The endangered snow leopard has a new and unusual ally in its fight to survive on planet Earth — Tibetan-Buddhist monks. Tucked away in the remote and perilously high mountain reaches of the Sanjiangyuan region of China, four Tibetan monasteries have agreed to work cooperatively with conservationists from the nonprofit Panthera, local NGO Shan Shui and the Snow Leopard Trust to help save the snow leopard.
Only 3,500 to 7,000 snow leopards are left in the wild. They are listed as “endangered” by the IUCN List of Threatened Species. Unlike other big cats, snow leopards cannot roar. For this reason, in addition to their reclusive nature, they are known as “mountain ghosts.” Snow leopards live primarily in steep, ruggedly mountainous areas of Central Asia at altitudes between 9,800 and 17,000 feet. In these remote and lonely places, craggy cliffs and dangerous ravines help them hunt the wild goats and sheep they depend on to survive.
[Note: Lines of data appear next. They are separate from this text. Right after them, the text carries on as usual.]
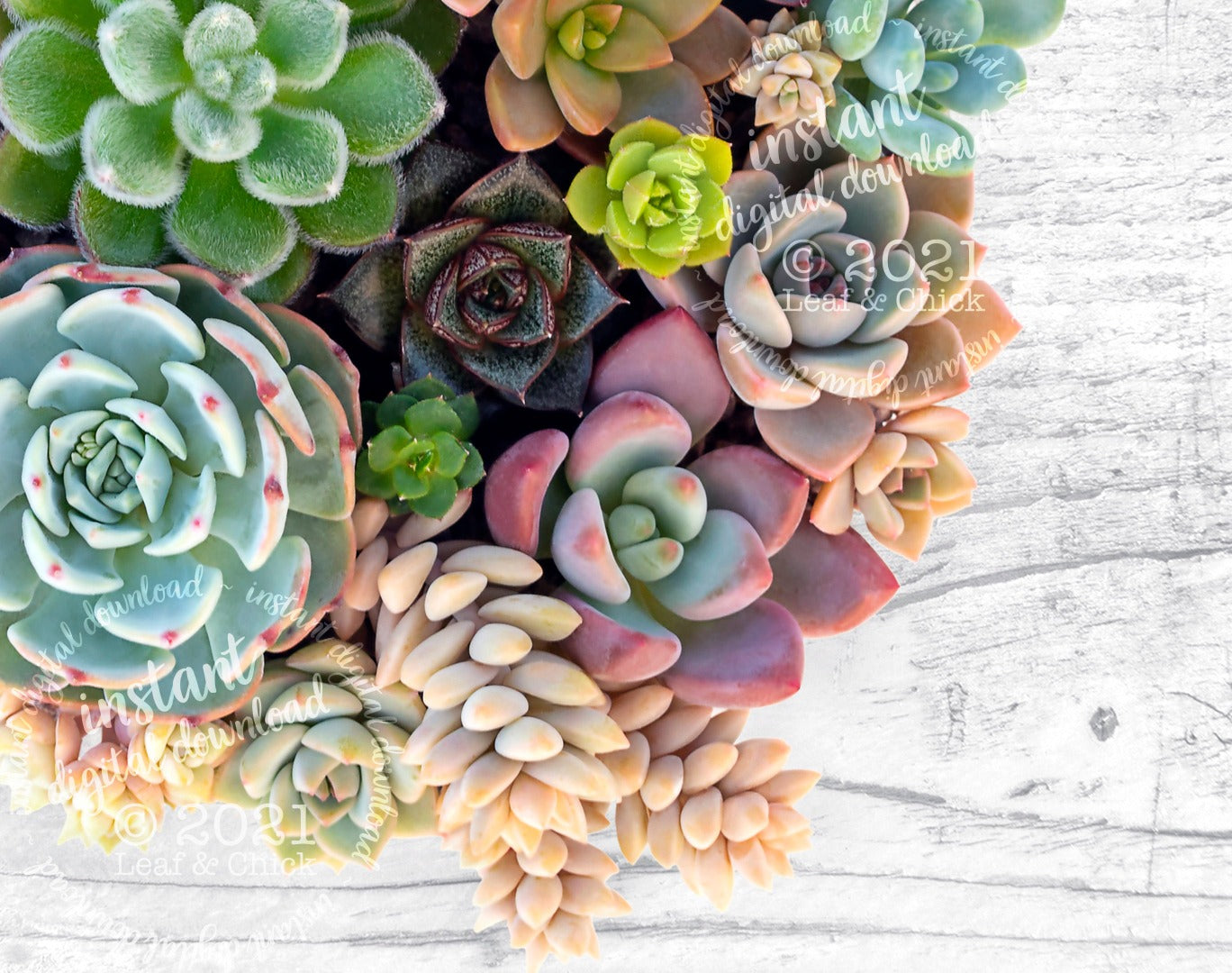 Echeveria Succulent Bowl | INSTANT DOWNLOAD | 1001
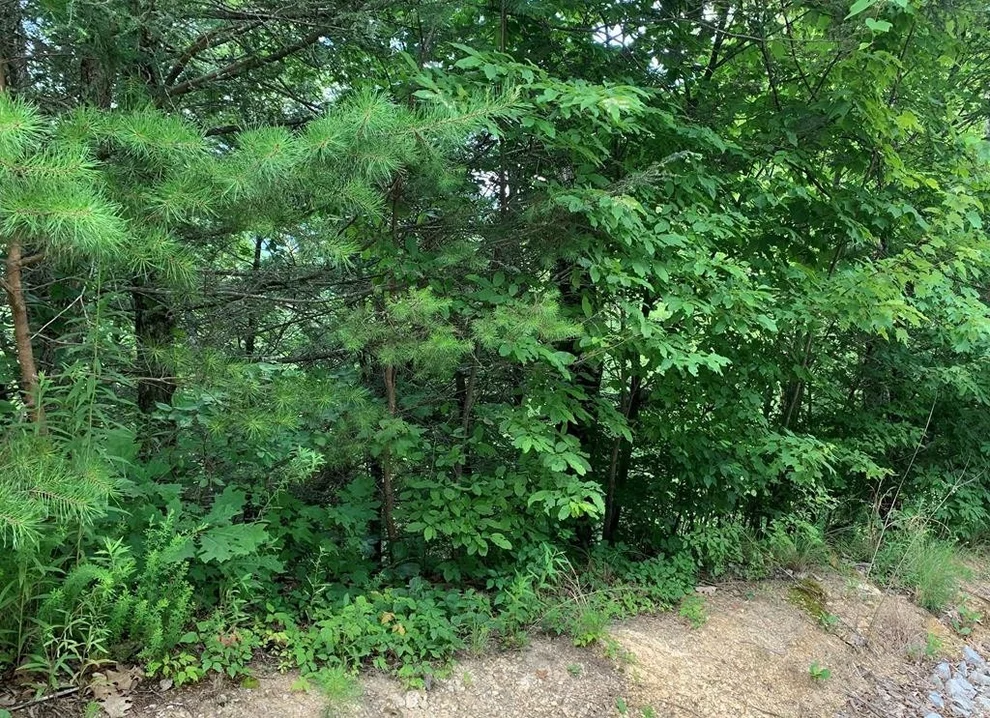 Unit for sale at 84 BIRD VIEW Lane, Sevierville, TN 37862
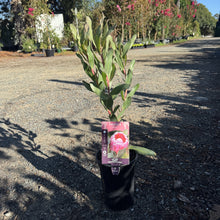 Load image into Gallery viewer, Protea 'Stately'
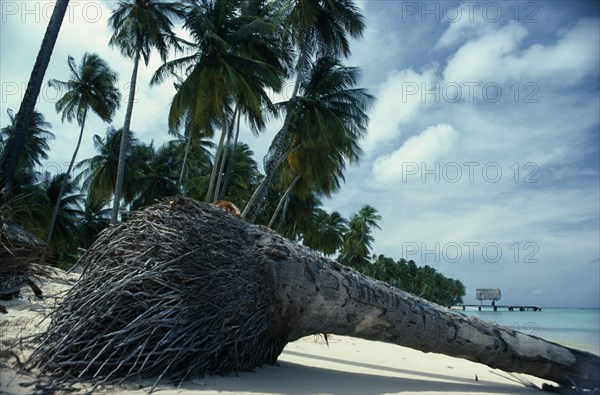 WEST INDIES, Tobago, Trees, Palm tree on beach uprooted by wind.  Cropped view showing lower trunk and root ball.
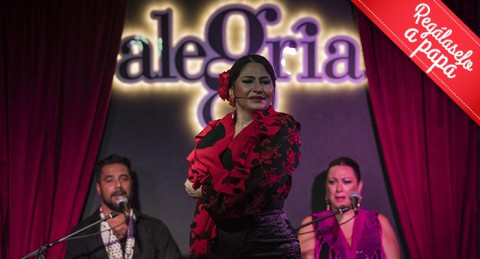 Vive la pasión por el flamenco: Entradas para el espectáculo de Alegría Flamenco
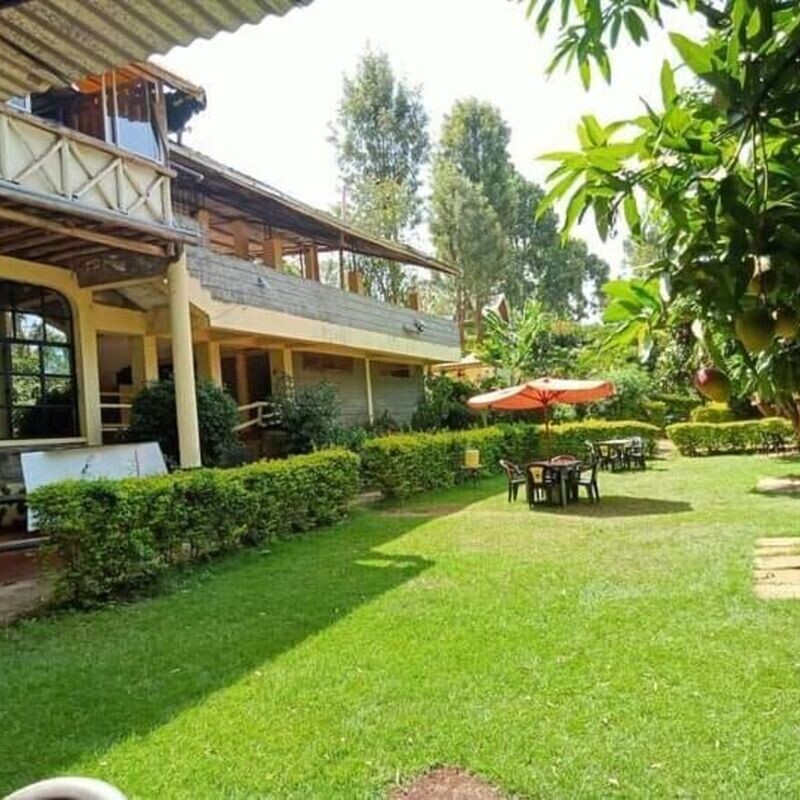 Park N Chill, Out in the Woods, Mashujaa Edition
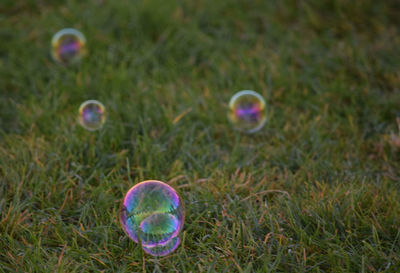 Bubbles on grassy field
Snow leopards can be found in only twelve countries, including India, Bhutan, Kazakhstan, Kyrgyzstan, Mongolia, Nepal, Pakistan, Russia, Tajikistan and Uzbekistan. China, however, represents about 60 percent of their remaining range.
Fortunately, the same qualities that make such far-flung and dangerous terrain attractive to snow leopards also appeal to Buddhist monks. Realizing this, in 2009, Panthera initiated cooperative programs with four monasteries in China, partnering with them to better protect the snow leopard.
The monks undergo a training program and then systematically patrol the area surrounding their monasteries. They use cameras, binoculars and GPS systems provided by Panthera to observe, monitor and record the wildlife they see, including the snow leopard.